Ho conosciuto negli anni centinaia di cani, di indole e caratteri differenti, e ovviamente i loro rispettivi padroni. Ogni cane ha una propria storia. Contemporaneamente ho approfondito la cinofilia leggendo libri, anche romanzi, ma soprattutto saggi di etologia, psicologia sulla cognizione del cane. Ho approfondito concetti tramite il web, i social media e le riviste dedicate. Mi sono posto quindi altre domande e ho provato a interpretare, anche dal mio punto di vista personale, alcuni loro atteggiamenti e pensieri.

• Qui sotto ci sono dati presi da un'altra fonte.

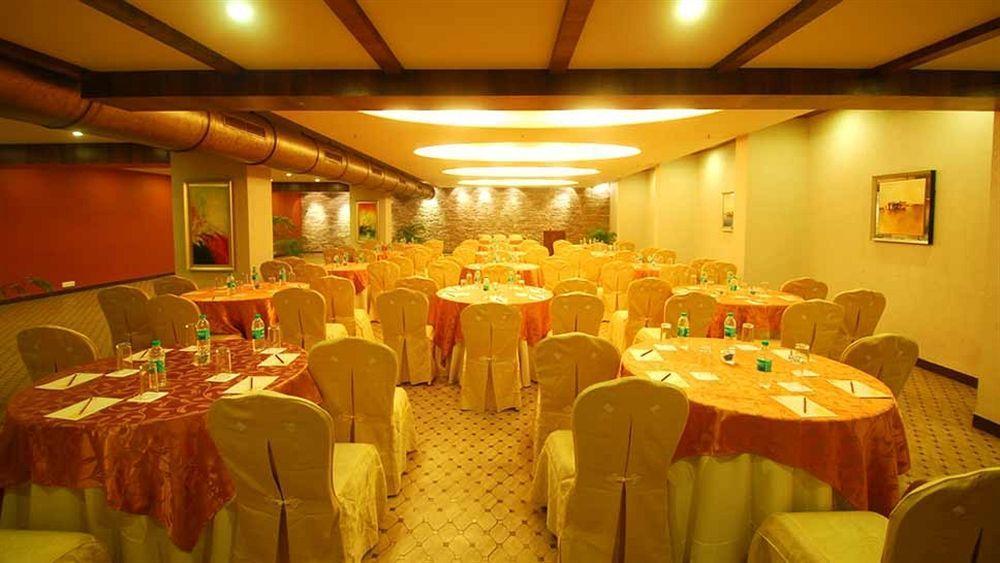 Sai Palace Hotel Mumbai Exteriör bild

Cosa vorresti che i lettori riuscissero a comprendere leggendo le tue parole? Quale segno vorresti lasciare in loro?
Mi piacerebbe che tutti noi riuscissimo a comprendere meglio il cane, le loro necessità, bisogni e diritti per dare loro una vita migliore. Spesso, senza accorgercene, li amiamo certamente, ma nel modo sbagliato.

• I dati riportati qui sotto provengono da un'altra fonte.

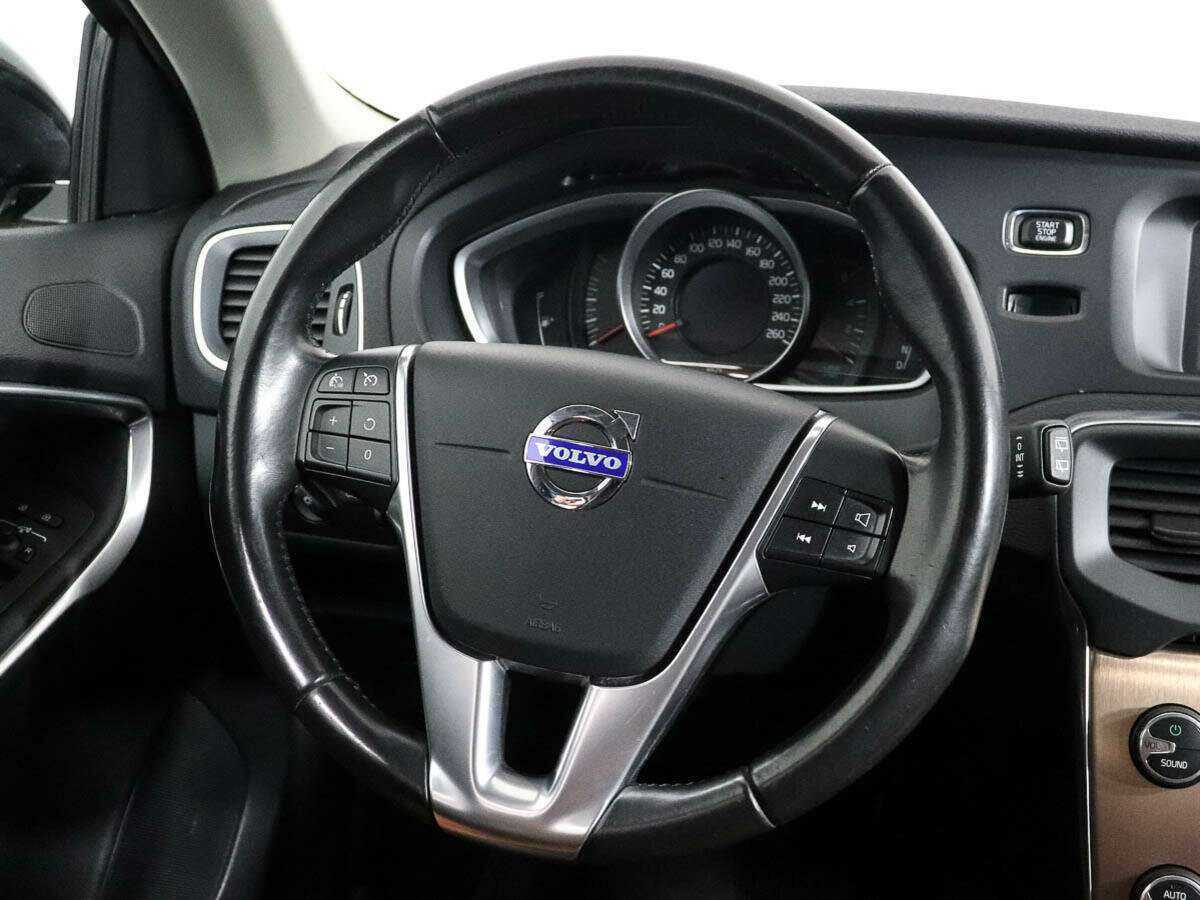 Volvo V40 Cross Country 2015 года с пробегом. Фото: #12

C’è qualcosa che avresti voluto aggiungere al libro, quando lo hai letto dopo la pubblicazione?
Scrivere questo libro è stato estremamente impegnativo, soprattutto i momenti di ricerca delle fonti, lo studio e la verifica. Senza contare le innumerevoli volte in cui è stato modificato e corretto. Ho lasciato da parte alcune storie che non sono riuscito a completare, un po’ per stanchezza, un po’ per motivi editoriali. Spero un giorno di poter fare una nuova edizione con questi racconti lasciati nel cassetto.
Se dovessi utilizzare tre aggettivi per definire “A me la parola! Gioie e dolori di una vita da cani”, quali useresti?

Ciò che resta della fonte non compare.